Meb: I mean, it just seems like, you know, I love the grassroots and I love that it’s, sort of, bubbling up just from having so many conversations. I don’t think I’ve ever met anyone who’s like, “You’re wrong, we shouldn’t be teaching this.” Like, literally never has anyone said that ever. You may hear people say, “Well, it doesn’t work that great. You see we teach, like, physical education, but everyone still eats crappy and is overweight.” There’s the naysayers about, “It doesn’t work,” but no one ever has said, “We shouldn’t teach it at all.”

Tim: And the naysayers…let me just jump in there because the naysayers haven’t read the recent research. If you look at research over the last three to four years, it’s becoming more and more evident that it works. And the research that was done a decade ago, am I surprised they said it didn’t work? No, because the curriculum wasn’t great and nobody was investing in teachers to teach it. So guess what, it all comes down to implementation.

Meb: That was, kind of, my argument. I said 100% if you think that education doesn’t work, it’s a failure of either the teacher or the curriculum. Because the only personal finance module I remember having in any K-12 was, like, the stock-picking game. Who can pick the best stock to go up the next three weeks? So just total nonsensical idea I mean, like…

Tim: Be careful, Meb, that is the most popular activity in high schools across America.

Meb: 100%. I think it teaches all the wrong lessons. But I think if it was part of a rest of a curriculum, okay, gets people interested, there are a few parts of it. But it’s actual, like, on the list of 100 things people should learn, it’s probably 99. But we can get more into the content in a second. I’m more just thinking of is there a haymaker way that we simply, like, can through brute force, money, effort, really put pressure on all the representatives around the country to say, “Look, you need to implement this in your school system, or you’re going to fall behind?” I don’t know how they say no, it’s crazy to me.

And so to me, that’s like, it should hopefully, over the course of this decade, go from being in a minority of schools to the vast majority.
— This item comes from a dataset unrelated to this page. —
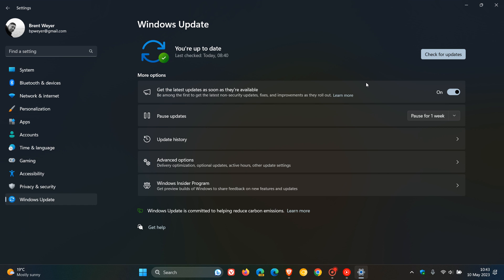So that means that this will not include security fixes. So it won't include Patch Tuesday updates, but all the other updates like bug fixes, improvements, and features will roll out as soon as they are available if the setting is turned on. So that's a new feature that started rolling out at the end of April and now has made its way by default now with this latest Patch Tuesday update into Windows 11 22H2.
And it seems like it’s just, like, so much has driven our world by inertia. Why are things this way? Well, that’s just the way they always were. And so hopefully, you have some silver linings of the pandemic, not just Virginia sports, but that you have this catalyst for change on education and the way people think about it.

Tim: There are over 43,000 teachers in the NGPF community, and I wouldn’t bet against them. So people who are listening are like, “I want to create change.” You can fight the battle in the legislature, it takes a really long time and you don’t want to know how the sausage gets made. And I can give you three examples just recently of bills that started out with the best of intentions that ended up…the unintended consequences were worse than what was in place before.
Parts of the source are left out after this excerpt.